GITAR KLASIK:
“LUWES NAN TAJIR”
by: Michael Gunadi Widjaja
KEINDAHAN GITAR SPANYOL
Sepertinya
sudah membudaya, bahwa kecantikan dan keindahan perempuan diidentikkan dengan
hal-hal yang bersifat alamiah. Kita tentu masih belum lupa, bahwa pernah ada
ungkapan seperi ini: “Wah, wajahmu seelok
bulan.” Tentu untuk zaman sebelum Indonesia merdeka, istilah rayuan semacam
itu sangat laris manis dan membuat perempuan tersipu-sipu, seperti kucing
terpleset kulit pisang.
Zaman terus
berjalan. Manusia mampu menginjakkan kakinya di bulan. Dan ternyata wajah bulan
TIDAK MULUS dan malahan penuh dengan bopeng-bopeng. Jadi jika zaman sekarang
anda masih merayu perempuan dengan mengatakan bahwa wajahnya seindah bulan, siap-siap
saja untuk ditampar sambil disiram kopi panas.
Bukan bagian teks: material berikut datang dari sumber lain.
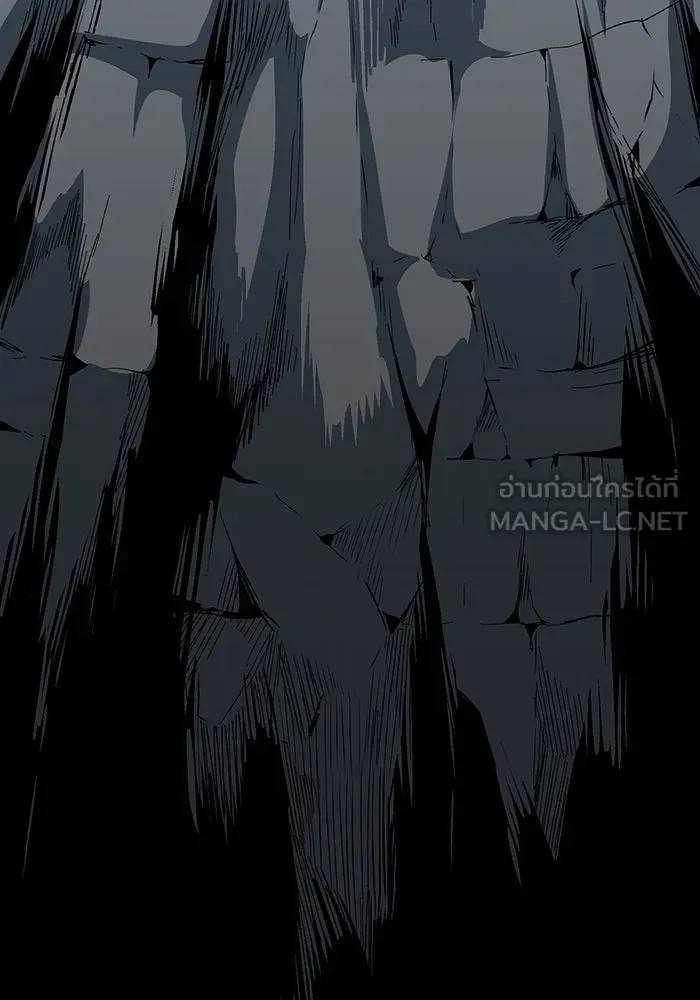 หน้า 105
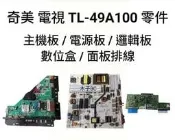 【木子3C】奇美 液晶電視 TL-49A100 零件 良品 主機板 / 電源板 / 邏輯板 / 數位盒 / 面板排線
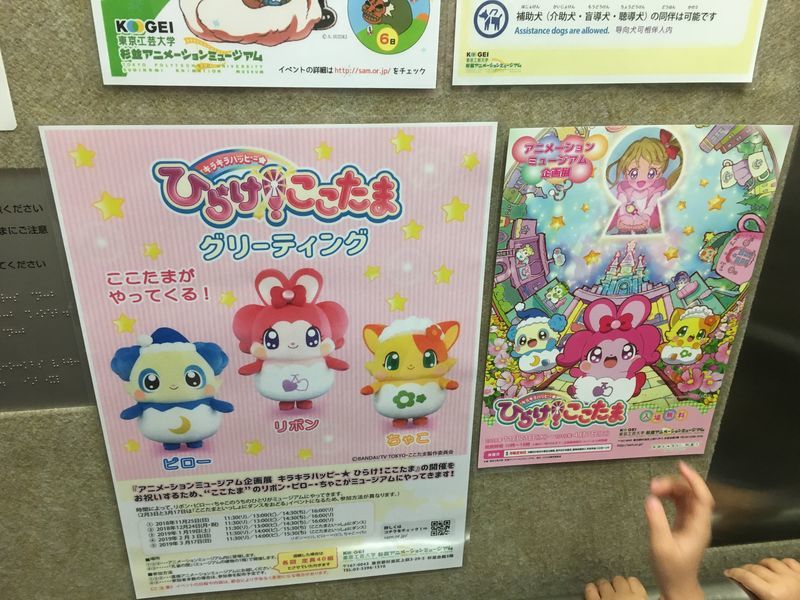 エレベーター壁広告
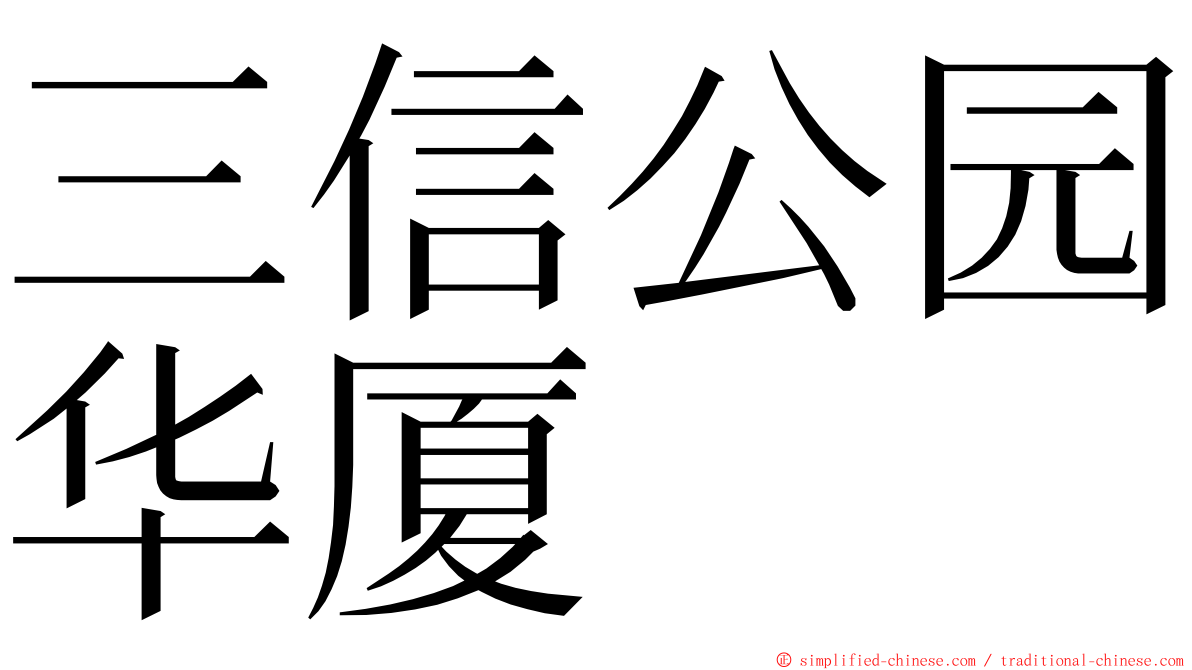 三信公园华厦 ming font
Hmm…
Selain bulan,
keindahan perempuan juga sering diidentikkan dengan GITAR SPANYOL. Kita tentu masih ingat dan masih terngiang akan
adanya ungkapan seperti ini: “WAAAAAAAH BODY
NYA AMBOI CING… GITAR SPANYOL!” atau “WUUUUIHHHHH
PINGGANG DAN PINGGULNYA GITAR SPANYOL BINGITZ DEH!” Terus terang, jujur
saja saya agak bingung dengan ungkapan seperti itu.
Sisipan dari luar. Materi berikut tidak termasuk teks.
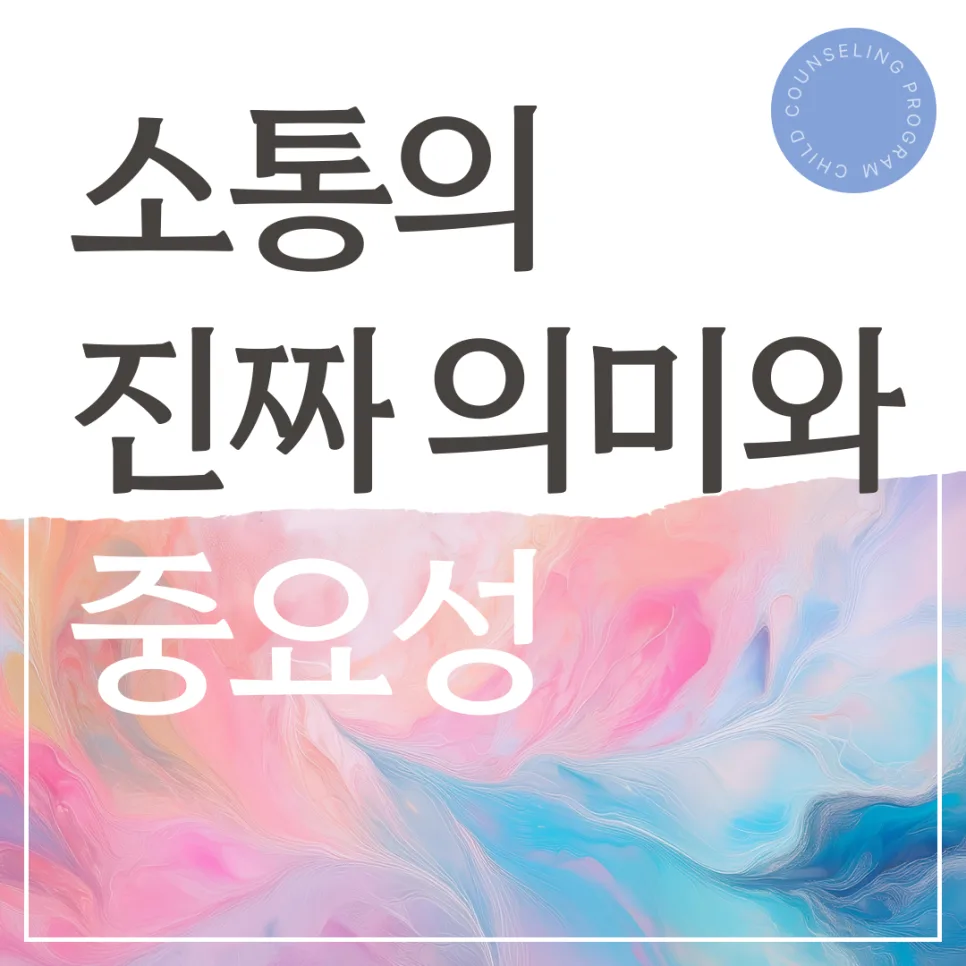 진짜 소통의 의미와 중요성: 2026년 관계 개선 비법
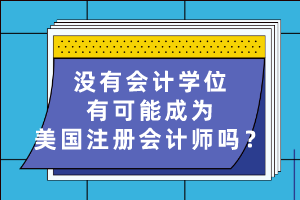 沒(méi)有會(huì)計(jì)學(xué)位有可能成為美國(guó)注冊(cè)會(huì)計(jì)師嗎？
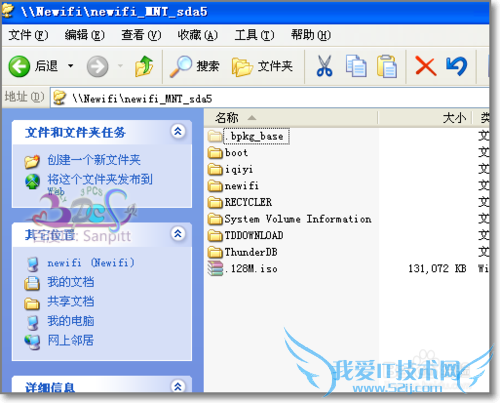 Newifi局域网文件共享怎么从电脑访问路由器硬盘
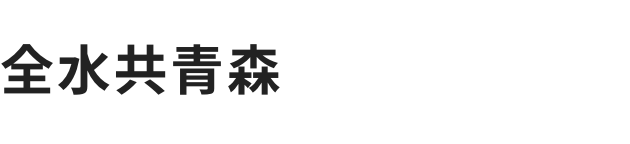 有限会社全水共青森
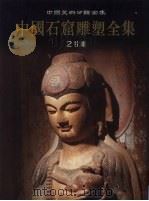 中国石窟雕塑全集  第2卷：甘肃   1999  PDF电子版封面  7536649975  孙纪元主编 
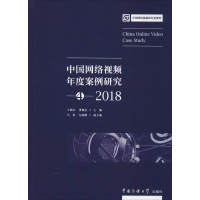 全新中国网络视频年度案列研究4 2018王晓红曹晚红主编9787565757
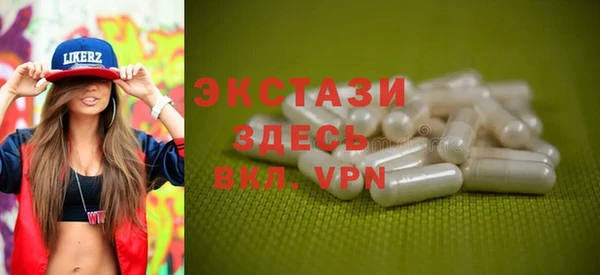 Альфа ПВП Михайловск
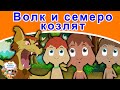 Волк и семеро козлят | русские сказки | сказки на ночь | мультфильмы | сказки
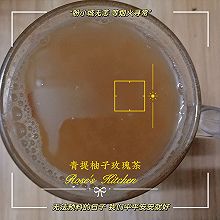 青提柚子花玫瑰茶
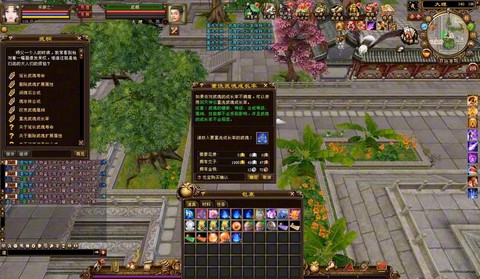 新天龙八部武魂怎么洗[图2]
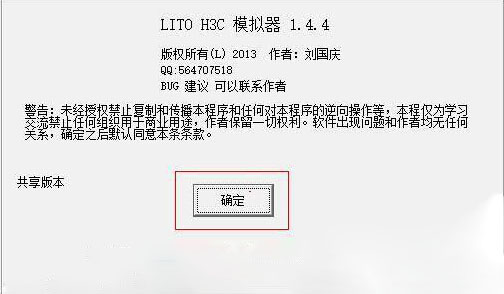 H3C最新模拟器，网络技术创新的领先利器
ANALOGI GITAR DAN PEREMPUAN
Kebingungan
saya yang pertama adalah: Kenapa sih harus menyebut Gitar Spanyol? Kok tidak
gitar saja ya? Ya karena gitar tuh kan aslinya Spanyol. Iya, he eh... betul. Sejarah mencatat bahwa
gitar yang memainkan peran dalam napak tilas perkembangannya, tidak harus
buatan Spanyol. Andres Segovia, sang
Maestro, empu dari segala empu gitar, memakai HERMANN HAUSER yang adalah bikinan Jerman. John Christopher William, sang pujangga gitar, memakai gitar
bikinan Greg Smallman yang adalah
Australia. Zaman modern sekarang ini, bahkan teknologi pembuatan gitar klasik
berdawai nylon, lebih banyak dieksplorasi oleh negara-negara di luar Spanyol, seperti
Korea, Jepang, Jerman, Perancis, Australia, dan bahkan Thailand serta Filipina.